Prof. Sarah Gurr holds the Chair in Food Security at Exeter University. She studied at Imperial College of Science, Technology and Medicine (BSc, ARCS, DIC and PhD (Plant Pathology)), where she was awarded The Huxley Medal for her outstanding record of achievement.  She was a post-doctoral Fellow in Fungal Biology at St Andrews University and thence an independent Royal Society University Research Fellow. She was appointed, firstly as Lecturer, then Reader and Professor at Oxford University (and Fellow of Somerville College), where she also held a Leverhulme Trust Royal Society Senior Research and a NESTA (Science, Technology and the Arts) Fellowship. She was a curator of the Oxford Botanic Garden for 21 years. Sarah was appointed to the Chair in Food Security, at Exeter University in 2013 and was Head of School (2015 - 2017). She was formerly President of The British Society of Plant Pathology (2011) and sat on Biotechnology and Biosciences Research Council UK (2012 - 2018).

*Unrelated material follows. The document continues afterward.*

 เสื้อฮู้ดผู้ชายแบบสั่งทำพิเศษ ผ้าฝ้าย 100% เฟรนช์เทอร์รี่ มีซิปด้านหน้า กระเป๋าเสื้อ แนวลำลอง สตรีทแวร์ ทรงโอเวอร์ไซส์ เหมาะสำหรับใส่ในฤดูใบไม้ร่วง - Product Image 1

She was recently appointed to The International Advisory Board at SLU University, Uppsala (2019) and as Advisor to The Scottish Government on Plant Health (RESAS, 2017). Sarah held the Donder's Chair (Honorary) at Utrecht University (2016 - 2017), was appointed as Visiting Professor at Utrecht (2018 - 2022), and was awarded the President’s medal by the British Mycological Society in 2018. She became a Fellow of the Canadian Institute for Advanced Research (CIFAR) in 2019, Fellow of American Academy of Microbiology (2020), is Senior Research Fellow at Somerville College, Oxford and Fellow of The Royal Botanic Gardens, Kew and The James Hutton Institute, Dundee and awarded an Honorary Doctorate by SLU Uppsala (2020). Her interest is in plant disease - with particular emphasis on fungal infestations and in their global movement and control. Sarah has been invited to speak about this work in plenary and keynote conference lectures, at various Citizen Science gatherings and on national and international radio. She has authored or co-authored over 150 publications, including 11 high profile papers in Science, Nature and Nature Journals and a contribution to the Government Foresight report on “Biological Hazards”. In 2019, she was listed amongst the most highly cited researchers worldwide (Clarivate Analytics).

Donald Sheppard

Dr. Sheppard is a Professor and Chairman of the McGill University Department Microbiology & Immunology, and Founding Director of the McGill Interdisciplinary Initiative in Infection and Immunity (MI4). He leads the Medical Mycology laboratory and practices clinical infectious diseases at the McGill University Health Centre where his primary area of interest is human fungal disease. Dr. Sheppard’s research interests focus on elucidating the mechanisms by which the fungal pathogen Aspergillus fumigatus causes human disease as a means to develop new therapeutics for these infections. He has published over 100 research papers and book chapters and has delivered over 150 invited lectures worldwide. Dr. Sheppard has been the recipient of numerous awards including a Clinician-Scientist award from the Canadian Institutes of Health Research and a Career Award in the Biomedical Sciences from the Burroughs Welcome Fund. He is an elected fellow of the American Society of Clinical Investigation and the American Academy of Microbiology.